Si bien la novela de Saint-Exupéry es un cuestionamiento moral de la egoísta vida adulta a la que el mundo nos condena, esto es sólo desde una lectura externa, pues cada uno de los escenarios y personajes con que el lector se encuentra son símbolos de la vida interna del ser humano. El desierto, el universo, los micro–planetas, las plantas y los animales encarnan en sí mismos a los vicios, temores, anhelos y virtudes a que todo ser humano está sujeto y es imposible no hallar, además, en éstos lecciones de filosofía, particularmente aquella emanada del budismo. El relato comienza siendo luminoso, pero poco a poco se va apagando hasta abandonarnos en una región de melancolía y nostalgia en la que las estrellas son el único escape.

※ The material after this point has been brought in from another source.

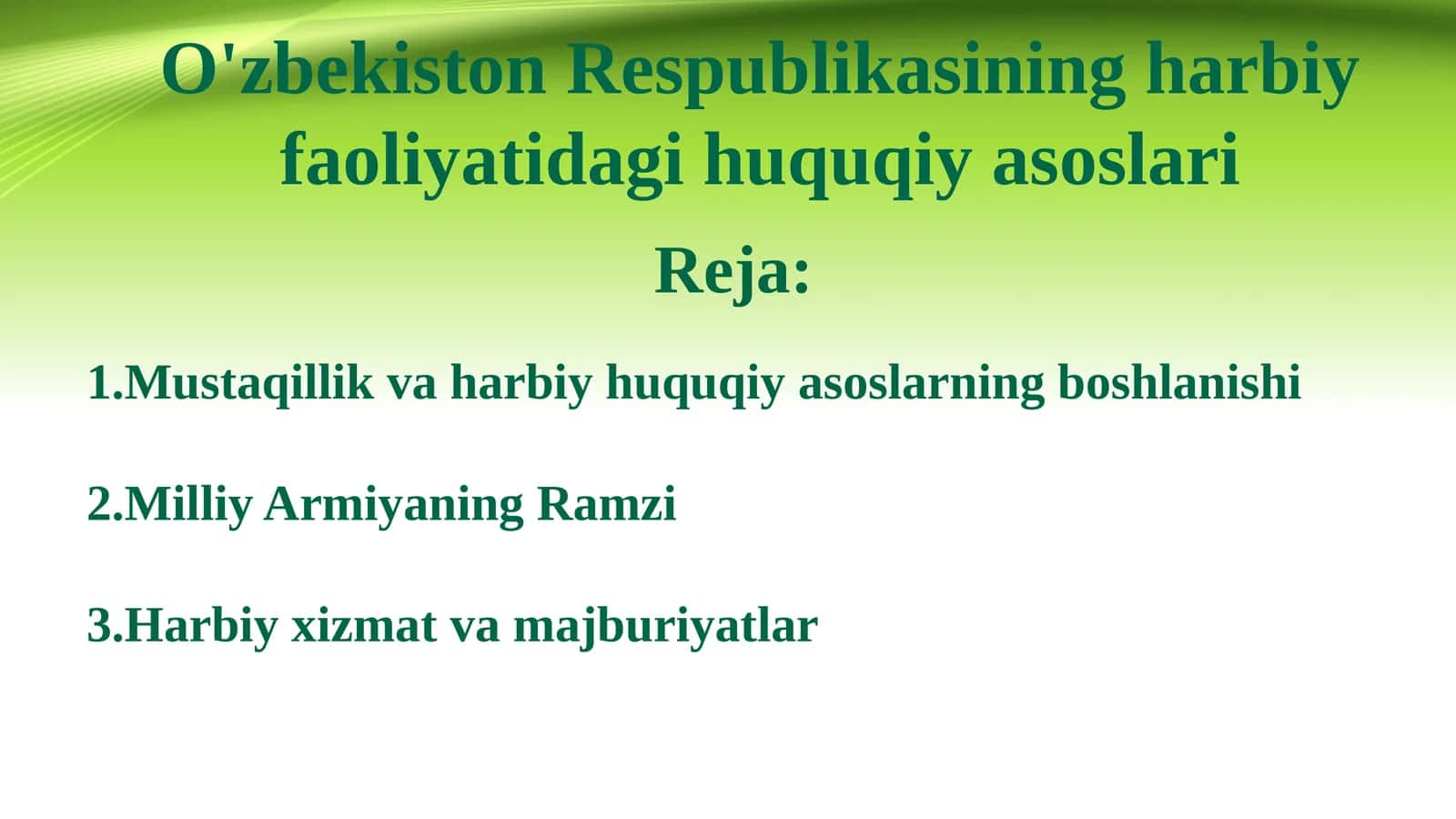 O'zbekiston Respublikasining harbiy faoliyatidagi huquqiy asoslari
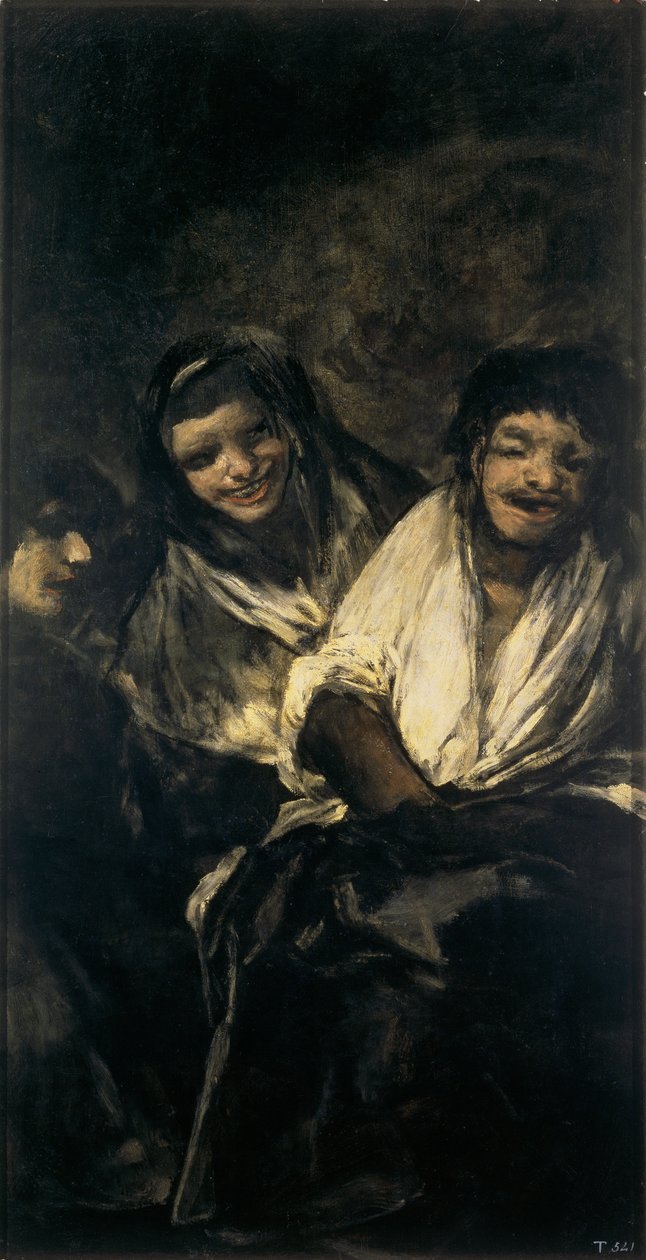 Man hånad av två kvinnor som skrattar eller ministeriet av Francisco de Goya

Como una preparación para la muerte podría definirse esta novela de Saint-Exupéry. ¿Es un relato para los niños? Si lo que anhelan es evitar convertirse en adultos serios, entonces sí, pero también para quienes se han endurecido y buscan la manera de volver a admirarse por el mundo tal cual es, libre de imposiciones. ¿Por qué pensar que es una preparación para la muerte? Porque el Principito sabe que la única manera de regresar a su planeta es siendo mordido por una serpiente: «Sufrirás porque parecerá que estoy muerto y no será verdad. Sólo será como una corteza que se abandona y por las cortezas no se siente pena.» Un secreto arde en el corazón del Principito cuando muere, es el que le dio su amigo el zorro: «Sólo con el corazón se puede ver bien, lo esencial es invisible a los ojos.» ¿Como adultos, con qué miramos? ¿Con los ojos o con el corazón? Si lo hacemos con lo primero, nos engañamos, pues lo esencial es invisible.